Any time I have ever finished a book I have gone into a mild depression. Nothing with cutting, but you know, a sort of downtime involving a live streaming Felicity marathon or carbo-loading. I have been really fortunate in that a new project had a way of coming up fairly quickly. Or maybe it’s just that human animals tend to forget pain. I don’t really know how long I went between projects. But I don’t recall turning to my limited stockpiles of gumption, pulling up my bootstraps (or, whatever) and trying to rustle myself up some work.

So as I’m lamenting my lack of a career over coffee with my incredibly go-getting author friend Abby Sher (Amen, Amen, Amen is the title of her amazingly powerful memoir featured on the Tyra Show and in Elle Magazine. Now you will be very very sleepy and now you will go order it on Amazon and now you will wake in 3…2…1…) What? Nothing.

…Abby says, “You need to pull up your boot straps,” or else she quotes the actual cliche, and she points me to the NPR program This American Life because she’s awesome and go-getting and knows about things and she says, “Even you must have at least one story that fits into one of these upcoming show themes.”

But that isn’t what gets me to do it. What gets me to do it is that pitching This American Life doesn’t involve donating a kidney or writing a lot. Rather, they only need you to jot down a few paragraphs about the story you want them to feature. It’s pitching for the lazy. You can carbo-load AND pitch them in between Felicity episodes. It’s a wondrous thing.

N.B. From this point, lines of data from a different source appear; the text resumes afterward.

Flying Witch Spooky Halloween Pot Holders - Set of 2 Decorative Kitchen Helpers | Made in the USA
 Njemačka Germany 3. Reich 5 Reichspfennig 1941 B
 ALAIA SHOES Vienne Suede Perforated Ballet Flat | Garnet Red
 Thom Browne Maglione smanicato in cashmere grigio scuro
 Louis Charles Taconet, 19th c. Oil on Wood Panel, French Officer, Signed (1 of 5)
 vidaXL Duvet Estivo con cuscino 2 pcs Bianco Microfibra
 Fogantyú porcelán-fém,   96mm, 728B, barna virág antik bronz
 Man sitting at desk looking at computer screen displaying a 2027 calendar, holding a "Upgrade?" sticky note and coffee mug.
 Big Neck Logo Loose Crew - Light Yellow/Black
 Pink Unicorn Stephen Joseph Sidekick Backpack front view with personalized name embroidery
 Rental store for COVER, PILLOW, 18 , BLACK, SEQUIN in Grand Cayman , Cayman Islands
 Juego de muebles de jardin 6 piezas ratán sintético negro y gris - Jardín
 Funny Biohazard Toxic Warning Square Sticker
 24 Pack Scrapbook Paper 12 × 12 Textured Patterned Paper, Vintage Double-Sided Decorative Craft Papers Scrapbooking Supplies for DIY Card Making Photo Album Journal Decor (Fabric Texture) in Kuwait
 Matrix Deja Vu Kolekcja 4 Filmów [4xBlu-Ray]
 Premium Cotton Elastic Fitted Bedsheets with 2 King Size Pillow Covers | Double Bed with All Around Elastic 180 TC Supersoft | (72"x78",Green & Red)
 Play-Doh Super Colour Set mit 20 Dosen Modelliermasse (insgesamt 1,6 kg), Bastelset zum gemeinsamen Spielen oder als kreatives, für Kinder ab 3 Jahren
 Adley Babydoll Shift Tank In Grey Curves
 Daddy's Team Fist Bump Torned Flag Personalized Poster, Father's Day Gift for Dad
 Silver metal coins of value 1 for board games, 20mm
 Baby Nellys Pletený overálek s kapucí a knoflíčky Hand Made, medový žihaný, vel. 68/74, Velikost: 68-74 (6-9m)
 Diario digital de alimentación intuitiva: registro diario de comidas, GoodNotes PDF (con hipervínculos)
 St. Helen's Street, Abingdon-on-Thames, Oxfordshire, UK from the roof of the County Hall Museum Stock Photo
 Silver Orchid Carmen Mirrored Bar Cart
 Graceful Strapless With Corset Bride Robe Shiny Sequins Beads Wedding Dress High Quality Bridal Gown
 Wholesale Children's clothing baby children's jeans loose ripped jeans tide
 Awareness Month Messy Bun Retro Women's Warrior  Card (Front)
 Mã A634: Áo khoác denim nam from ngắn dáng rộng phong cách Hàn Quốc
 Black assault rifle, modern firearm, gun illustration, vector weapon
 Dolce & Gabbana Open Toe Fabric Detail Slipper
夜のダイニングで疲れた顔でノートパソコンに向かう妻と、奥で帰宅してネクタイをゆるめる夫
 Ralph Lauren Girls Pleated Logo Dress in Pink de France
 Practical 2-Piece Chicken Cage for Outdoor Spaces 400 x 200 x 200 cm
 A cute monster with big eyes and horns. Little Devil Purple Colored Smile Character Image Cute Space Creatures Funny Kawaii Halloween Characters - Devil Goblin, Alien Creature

So I pitched a story to them. Then heard nothing. Now this is generally how me pitching things goes: I pitch and then just kind of hang out. Again, totally good for people who spend a lot of time chewing. But what happened at the Cavs game at my friend Mike Lashutka’s house last Wednesday is what changed the course of these events for the better.

First of all, I don’t watch sports but the event was Tivo’ed so it was definitely more fun when you get to watch the thing in fast forward. Also, the Cavs won which made all those Brooklyn Transplanted Northern Ohioans happy. But the best thing was that a girl came to the party with whom I got to talking. (She’s a social worker and you know how I gravitate to people who will listen to me.)

So she mentions that she used to work at NPR. I reply, “No way! I just submitted my first pitch to This American Life.” So she’s all, “Really? I used to work at This American Life!” And I’m like, “Nuh uh!” and we do that for a minute.

Long story shortened: The powers-that-be are subsequently contacted to dig up my pitch and the next day I get a confirmation email that my pitch has been received and read. It was automated. Everyone gets it. But I’d like to think I got mine a little more quickly and maybe even a little more thoughtfully because I got networked. And in this business that’s huge.

Now I am waiting again but I bought a box of Oreo snack cakes. (You heard that correctly. Not cookies. Snack Cakes. Cakesters, if you will. You can thank me later.) I don’t mind the wait because at least it’s an indication that I did something productive and that there is momentum behind my career.